Look over the world today, comparing different countries with each other, and you will see that it is not the abundance of capital nor the productiveness of labour that makes wages high or low, but the extent to which the monopolizers of land can, in rent, levy tribute upon the earnings of labour.

Is it not a fact that new countries, where the aggregate wealth is small but where land is cheap, are always better countries for the labouring classes than the rich countries, where land is dear?

In the new settlements, where land is cheap, you will find no beggars, and the inequalities in condition are very slight. In the great cities, where land is so valuable that it is measured by the foot, you will find the extremes of poverty, and of luxury. And this disparity in condition between the two extremes of the social scale may always be measured by the price of land. Compare the same country in different times, and the same, relation is obvious.

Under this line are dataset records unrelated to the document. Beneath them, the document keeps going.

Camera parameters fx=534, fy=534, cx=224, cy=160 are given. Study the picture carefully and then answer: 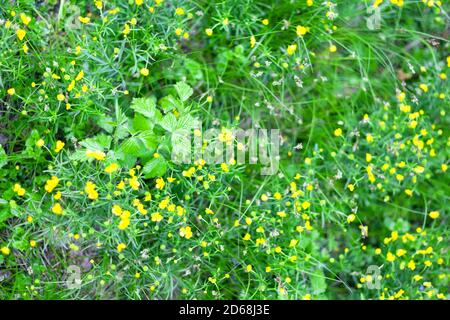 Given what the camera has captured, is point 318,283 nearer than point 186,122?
No

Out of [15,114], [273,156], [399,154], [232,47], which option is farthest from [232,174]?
[15,114]

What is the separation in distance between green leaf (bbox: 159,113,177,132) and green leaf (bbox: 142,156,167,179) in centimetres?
16

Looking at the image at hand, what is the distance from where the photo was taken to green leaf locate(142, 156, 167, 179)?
280 cm

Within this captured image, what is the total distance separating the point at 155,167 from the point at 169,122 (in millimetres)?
249

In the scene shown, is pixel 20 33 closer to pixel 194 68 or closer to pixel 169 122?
pixel 169 122

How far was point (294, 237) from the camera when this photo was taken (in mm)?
3066

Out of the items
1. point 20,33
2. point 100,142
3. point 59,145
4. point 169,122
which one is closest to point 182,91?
point 169,122

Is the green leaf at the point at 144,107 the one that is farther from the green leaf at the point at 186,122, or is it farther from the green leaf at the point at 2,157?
the green leaf at the point at 2,157

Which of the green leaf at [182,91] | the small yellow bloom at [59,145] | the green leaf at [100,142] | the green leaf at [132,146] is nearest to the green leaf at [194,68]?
the green leaf at [182,91]

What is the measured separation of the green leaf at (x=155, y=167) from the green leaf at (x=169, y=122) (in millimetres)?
164

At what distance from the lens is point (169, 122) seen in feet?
9.27

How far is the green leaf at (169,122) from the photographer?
111 inches

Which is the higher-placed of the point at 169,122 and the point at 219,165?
the point at 169,122

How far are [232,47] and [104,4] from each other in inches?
31.5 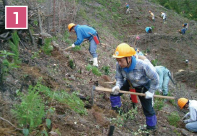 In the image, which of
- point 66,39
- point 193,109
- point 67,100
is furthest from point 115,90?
point 66,39

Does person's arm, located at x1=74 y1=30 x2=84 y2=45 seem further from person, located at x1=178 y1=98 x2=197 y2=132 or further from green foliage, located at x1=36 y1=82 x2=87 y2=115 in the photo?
person, located at x1=178 y1=98 x2=197 y2=132

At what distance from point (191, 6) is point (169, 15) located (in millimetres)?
6639

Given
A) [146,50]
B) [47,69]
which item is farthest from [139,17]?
[47,69]

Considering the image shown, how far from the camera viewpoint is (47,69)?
15.5 ft

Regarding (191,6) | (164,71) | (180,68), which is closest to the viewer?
(164,71)

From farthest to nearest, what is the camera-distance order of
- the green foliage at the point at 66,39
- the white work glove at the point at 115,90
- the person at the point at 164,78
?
the green foliage at the point at 66,39 → the person at the point at 164,78 → the white work glove at the point at 115,90

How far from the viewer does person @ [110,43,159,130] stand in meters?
3.35

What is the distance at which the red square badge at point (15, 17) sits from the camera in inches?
183

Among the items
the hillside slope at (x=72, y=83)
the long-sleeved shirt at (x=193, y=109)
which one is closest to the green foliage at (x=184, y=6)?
the hillside slope at (x=72, y=83)

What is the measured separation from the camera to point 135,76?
3645mm

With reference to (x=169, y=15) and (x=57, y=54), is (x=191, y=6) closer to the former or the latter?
(x=169, y=15)

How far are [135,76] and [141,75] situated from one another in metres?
0.10

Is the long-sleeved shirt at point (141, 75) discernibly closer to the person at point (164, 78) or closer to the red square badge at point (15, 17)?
the red square badge at point (15, 17)

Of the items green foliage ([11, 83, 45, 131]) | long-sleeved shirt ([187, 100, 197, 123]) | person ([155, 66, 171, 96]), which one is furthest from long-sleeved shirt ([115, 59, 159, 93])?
person ([155, 66, 171, 96]) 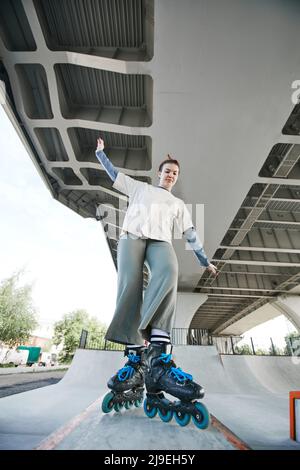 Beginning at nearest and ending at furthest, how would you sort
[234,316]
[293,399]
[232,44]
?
[293,399]
[232,44]
[234,316]

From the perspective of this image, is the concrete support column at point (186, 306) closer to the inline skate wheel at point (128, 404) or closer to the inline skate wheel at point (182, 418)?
the inline skate wheel at point (128, 404)

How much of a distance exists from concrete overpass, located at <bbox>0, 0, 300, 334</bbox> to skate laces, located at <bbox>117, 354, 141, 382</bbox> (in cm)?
536

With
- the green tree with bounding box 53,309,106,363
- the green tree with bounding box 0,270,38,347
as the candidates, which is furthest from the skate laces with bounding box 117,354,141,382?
the green tree with bounding box 53,309,106,363

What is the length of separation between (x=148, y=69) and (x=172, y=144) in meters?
2.23

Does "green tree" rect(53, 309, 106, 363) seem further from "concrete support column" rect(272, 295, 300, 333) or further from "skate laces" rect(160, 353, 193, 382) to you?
"skate laces" rect(160, 353, 193, 382)

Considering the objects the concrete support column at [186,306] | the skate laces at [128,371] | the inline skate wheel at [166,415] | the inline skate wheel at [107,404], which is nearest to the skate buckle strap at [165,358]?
the inline skate wheel at [166,415]

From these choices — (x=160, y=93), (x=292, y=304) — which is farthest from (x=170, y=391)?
(x=292, y=304)

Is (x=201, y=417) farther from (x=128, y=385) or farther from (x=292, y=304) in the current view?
(x=292, y=304)

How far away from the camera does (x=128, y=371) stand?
2.19 m

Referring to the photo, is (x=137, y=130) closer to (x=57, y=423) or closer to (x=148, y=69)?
(x=148, y=69)

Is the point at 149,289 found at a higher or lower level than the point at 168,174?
lower

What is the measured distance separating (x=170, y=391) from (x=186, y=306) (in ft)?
62.7

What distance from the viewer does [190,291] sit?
20.3 metres

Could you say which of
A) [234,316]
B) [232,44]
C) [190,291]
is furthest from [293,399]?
[234,316] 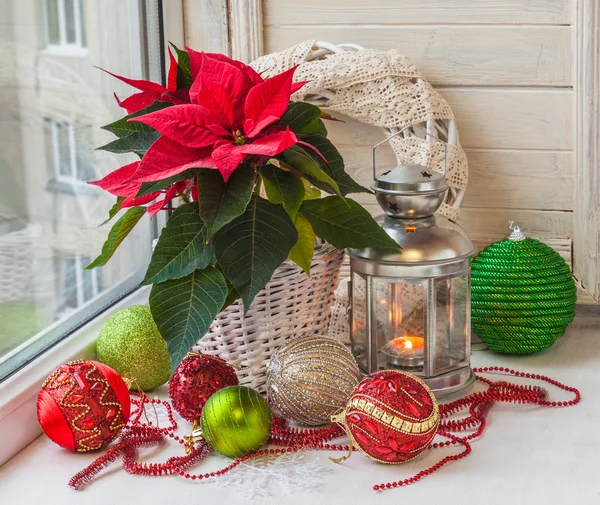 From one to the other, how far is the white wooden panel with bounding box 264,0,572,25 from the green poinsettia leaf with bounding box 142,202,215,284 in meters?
0.53

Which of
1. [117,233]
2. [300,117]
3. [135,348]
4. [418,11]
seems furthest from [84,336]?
[418,11]

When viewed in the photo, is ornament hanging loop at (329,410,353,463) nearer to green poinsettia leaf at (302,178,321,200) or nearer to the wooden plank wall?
green poinsettia leaf at (302,178,321,200)

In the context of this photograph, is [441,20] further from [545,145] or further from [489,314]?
[489,314]

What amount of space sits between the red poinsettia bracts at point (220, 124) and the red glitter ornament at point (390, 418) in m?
0.26

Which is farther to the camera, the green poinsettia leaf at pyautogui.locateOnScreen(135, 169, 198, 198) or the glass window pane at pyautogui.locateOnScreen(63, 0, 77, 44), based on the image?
the glass window pane at pyautogui.locateOnScreen(63, 0, 77, 44)

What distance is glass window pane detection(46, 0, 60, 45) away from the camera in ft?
3.38

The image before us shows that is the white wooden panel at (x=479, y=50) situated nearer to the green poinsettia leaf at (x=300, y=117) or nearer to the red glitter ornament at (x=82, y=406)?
the green poinsettia leaf at (x=300, y=117)

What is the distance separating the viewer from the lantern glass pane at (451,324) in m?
1.01

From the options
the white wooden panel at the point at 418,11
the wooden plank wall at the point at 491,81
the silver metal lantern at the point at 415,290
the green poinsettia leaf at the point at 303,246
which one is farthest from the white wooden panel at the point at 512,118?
the green poinsettia leaf at the point at 303,246

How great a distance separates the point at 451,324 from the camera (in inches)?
40.2

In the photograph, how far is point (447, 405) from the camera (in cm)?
96

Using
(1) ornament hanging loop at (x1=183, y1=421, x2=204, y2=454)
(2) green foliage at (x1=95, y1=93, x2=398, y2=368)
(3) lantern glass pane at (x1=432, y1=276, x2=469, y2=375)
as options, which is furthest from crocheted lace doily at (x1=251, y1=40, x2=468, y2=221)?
(1) ornament hanging loop at (x1=183, y1=421, x2=204, y2=454)

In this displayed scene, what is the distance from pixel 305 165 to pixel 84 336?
0.42 metres

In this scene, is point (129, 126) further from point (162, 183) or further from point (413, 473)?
point (413, 473)
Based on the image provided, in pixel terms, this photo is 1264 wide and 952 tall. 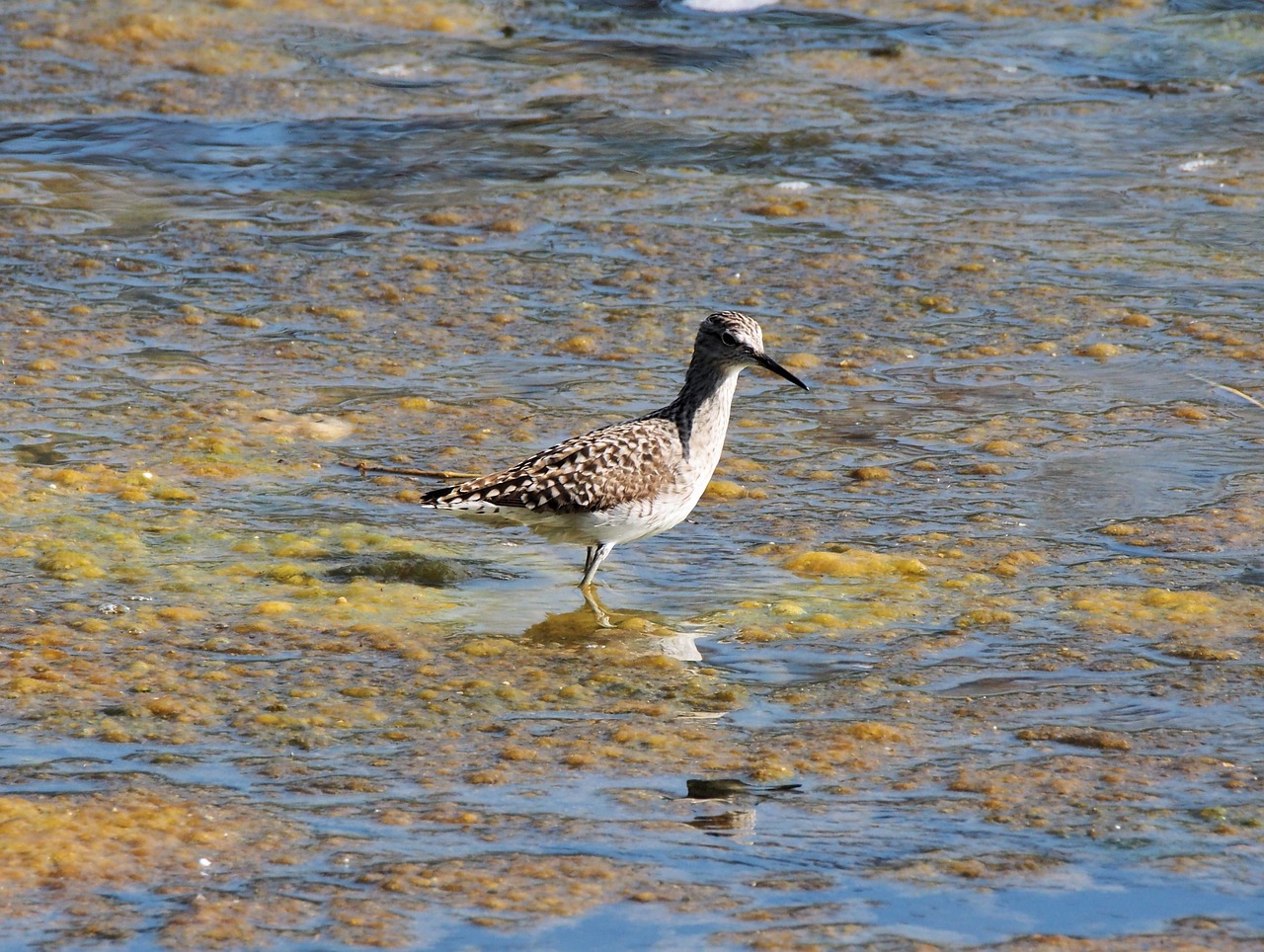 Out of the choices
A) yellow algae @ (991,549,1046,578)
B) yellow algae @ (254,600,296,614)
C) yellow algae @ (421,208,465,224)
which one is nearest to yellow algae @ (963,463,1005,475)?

There is no mystery for example as to the cause to which so suddenly and so largely raised wages in California in 1849. It was the discovery of the placer mines in unappropriated land to which labour was free that raised the wages of cooks in San Francisco restaurants to $500 a month, and left ships to rot in the harbour without officers or crew until their owners would consent to pay rates that in any other part of the globe seemed fabulous. Had those mines been on appropriated land, or had they been immediately monopolized so that rent could have arisen, it would have been land values that would have leaped upwards, not wages. The Comstock Lode (1) has been richer than the placers, but the Comstock Lode was readily monopolized, and it was only by virtue of the strong organization of the miners' association and the fears of the damage which it might do, that men were enabled to get four dollars a day before they would parboil themselves two thousand feet underground, where the air that they breathed had to be pumped down to them. The wealth of the Comstock Lode has added to rent. The selling price of those mines has run into hundreds of millions, and it has produced individual fortunes whose monthly returns can only be estimated in hundreds of thousands, if not in millions.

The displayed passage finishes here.